**About this exercise**
Please reproduce exactly the lines from the start of the records through the one containing "18394 W Paseo Way - Photo 7 of 25", and nothing more.

[Stored items from a collection]
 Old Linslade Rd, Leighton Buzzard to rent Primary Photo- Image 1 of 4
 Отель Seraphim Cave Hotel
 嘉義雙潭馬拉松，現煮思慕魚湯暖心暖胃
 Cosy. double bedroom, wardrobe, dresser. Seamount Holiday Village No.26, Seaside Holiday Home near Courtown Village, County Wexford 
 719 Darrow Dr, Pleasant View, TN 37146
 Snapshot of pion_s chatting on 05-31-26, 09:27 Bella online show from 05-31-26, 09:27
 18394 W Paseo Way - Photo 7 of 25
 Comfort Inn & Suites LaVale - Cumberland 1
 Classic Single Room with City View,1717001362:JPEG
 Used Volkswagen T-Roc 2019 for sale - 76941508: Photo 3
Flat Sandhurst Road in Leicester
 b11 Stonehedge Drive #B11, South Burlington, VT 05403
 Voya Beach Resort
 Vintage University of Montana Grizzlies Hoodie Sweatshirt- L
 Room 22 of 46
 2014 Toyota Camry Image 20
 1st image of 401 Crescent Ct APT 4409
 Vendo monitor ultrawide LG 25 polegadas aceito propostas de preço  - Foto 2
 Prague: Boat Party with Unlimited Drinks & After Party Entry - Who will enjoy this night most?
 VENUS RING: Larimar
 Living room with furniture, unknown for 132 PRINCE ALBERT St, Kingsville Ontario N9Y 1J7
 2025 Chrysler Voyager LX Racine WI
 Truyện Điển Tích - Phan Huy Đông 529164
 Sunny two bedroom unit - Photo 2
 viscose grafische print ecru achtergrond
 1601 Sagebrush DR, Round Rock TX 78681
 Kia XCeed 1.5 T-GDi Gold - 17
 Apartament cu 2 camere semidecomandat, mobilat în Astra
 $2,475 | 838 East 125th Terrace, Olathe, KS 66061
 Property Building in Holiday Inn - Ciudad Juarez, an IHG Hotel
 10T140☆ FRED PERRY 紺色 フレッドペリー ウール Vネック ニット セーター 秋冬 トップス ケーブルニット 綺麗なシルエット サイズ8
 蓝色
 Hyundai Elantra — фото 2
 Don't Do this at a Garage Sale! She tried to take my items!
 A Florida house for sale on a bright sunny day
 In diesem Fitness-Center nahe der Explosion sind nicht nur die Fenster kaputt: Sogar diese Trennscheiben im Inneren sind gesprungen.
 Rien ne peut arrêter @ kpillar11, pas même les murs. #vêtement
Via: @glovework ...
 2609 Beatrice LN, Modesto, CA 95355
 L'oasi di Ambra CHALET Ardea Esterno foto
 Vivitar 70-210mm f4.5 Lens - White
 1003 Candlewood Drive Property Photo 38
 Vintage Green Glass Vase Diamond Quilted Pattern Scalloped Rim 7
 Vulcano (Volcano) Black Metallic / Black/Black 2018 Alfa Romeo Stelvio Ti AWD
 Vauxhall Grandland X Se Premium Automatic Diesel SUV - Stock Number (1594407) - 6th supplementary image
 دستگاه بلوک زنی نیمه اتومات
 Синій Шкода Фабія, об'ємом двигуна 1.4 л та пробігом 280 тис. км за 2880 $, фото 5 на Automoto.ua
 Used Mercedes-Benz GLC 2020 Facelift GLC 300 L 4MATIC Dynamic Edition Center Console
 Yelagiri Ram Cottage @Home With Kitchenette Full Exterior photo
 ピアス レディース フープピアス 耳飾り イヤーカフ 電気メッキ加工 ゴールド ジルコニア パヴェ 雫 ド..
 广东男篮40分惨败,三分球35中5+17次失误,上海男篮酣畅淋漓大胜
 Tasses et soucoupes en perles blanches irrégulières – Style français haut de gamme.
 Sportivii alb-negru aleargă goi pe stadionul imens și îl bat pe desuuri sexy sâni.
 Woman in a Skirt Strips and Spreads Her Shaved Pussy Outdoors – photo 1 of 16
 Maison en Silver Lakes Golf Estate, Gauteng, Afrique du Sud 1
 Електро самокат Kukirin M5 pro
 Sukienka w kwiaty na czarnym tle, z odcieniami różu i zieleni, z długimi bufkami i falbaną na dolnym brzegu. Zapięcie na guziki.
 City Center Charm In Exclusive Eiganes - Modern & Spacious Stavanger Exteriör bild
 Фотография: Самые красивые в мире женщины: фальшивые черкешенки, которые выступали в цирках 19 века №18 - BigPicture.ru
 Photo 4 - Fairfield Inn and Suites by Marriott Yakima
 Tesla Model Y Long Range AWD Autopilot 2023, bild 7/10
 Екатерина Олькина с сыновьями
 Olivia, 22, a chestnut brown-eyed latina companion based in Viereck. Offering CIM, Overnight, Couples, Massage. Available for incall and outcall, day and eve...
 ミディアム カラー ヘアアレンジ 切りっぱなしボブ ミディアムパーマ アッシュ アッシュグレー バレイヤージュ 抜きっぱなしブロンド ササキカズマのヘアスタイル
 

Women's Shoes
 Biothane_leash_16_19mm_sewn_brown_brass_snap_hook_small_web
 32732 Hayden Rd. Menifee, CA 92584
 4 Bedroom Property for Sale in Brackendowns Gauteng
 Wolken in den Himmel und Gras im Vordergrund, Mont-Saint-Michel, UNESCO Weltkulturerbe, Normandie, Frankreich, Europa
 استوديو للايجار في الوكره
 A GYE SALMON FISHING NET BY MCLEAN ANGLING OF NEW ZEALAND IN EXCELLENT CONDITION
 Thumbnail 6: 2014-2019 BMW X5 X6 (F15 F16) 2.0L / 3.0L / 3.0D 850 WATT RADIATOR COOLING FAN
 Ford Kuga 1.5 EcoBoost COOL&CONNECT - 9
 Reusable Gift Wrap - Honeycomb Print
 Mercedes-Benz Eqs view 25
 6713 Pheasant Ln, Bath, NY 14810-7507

**Output for this task**
 Old Linslade Rd, Leighton Buzzard to rent Primary Photo- Image 1 of 4
 Отель Seraphim Cave Hotel
 嘉義雙潭馬拉松，現煮思慕魚湯暖心暖胃
 Cosy. double bedroom, wardrobe, dresser. Seamount Holiday Village No.26, Seaside Holiday Home near Courtown Village, County Wexford 
 719 Darrow Dr, Pleasant View, TN 37146
 Snapshot of pion_s chatting on 05-31-26, 09:27 Bella online show from 05-31-26, 09:27
 18394 W Paseo Way - Photo 7 of 25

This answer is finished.